What about the retail trade policy?

A National Retail Policy, which is believed to have been in the final stages for more than a year, is expected to be shared for public consultation soon. The policy will cover several areas such as ease of doing business, streamline retail compliances under one umbrella. In fact, retailing in India is governed by many laws: the Shops and Establishments Act, the Competition Act, the Consumer Protection Act, the Essential Commodities Act and the legal metrology, etc.

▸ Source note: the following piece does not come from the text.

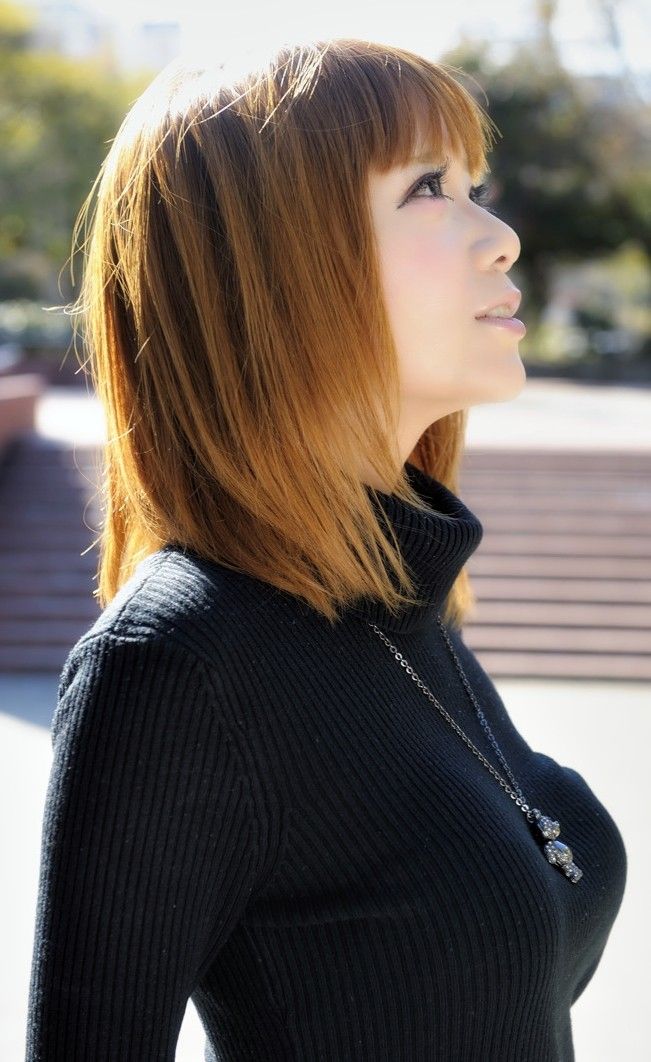 画像 ニットを着用した女の胸の膨らみのエロさは異常 エロって素晴らしい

Additionally, retailers may need to obtain 16-25 licenses to open a store in many cases.

A slew of laws, compounded by variations in state-level implementation, create immense complexity for retailers, especially those with a pan-Indian footprint, according to a report by industry body CII and the Kearney Council. Trade policy is likely to respond to these changes by offering a more simplified approach.

Razdan said, “Recently, the government informed parliament that it is proposing to have a national retail policy. The policy objectives are expected to increase employment, accelerate investments, bring about infrastructure development and usher in the growth of the Indian economy. The preparation of a draft National Retail Policy is a step forward and public consultation is also expected to start soon. The industry sincerely hopes that the national retail policy will become a reality as soon as possible.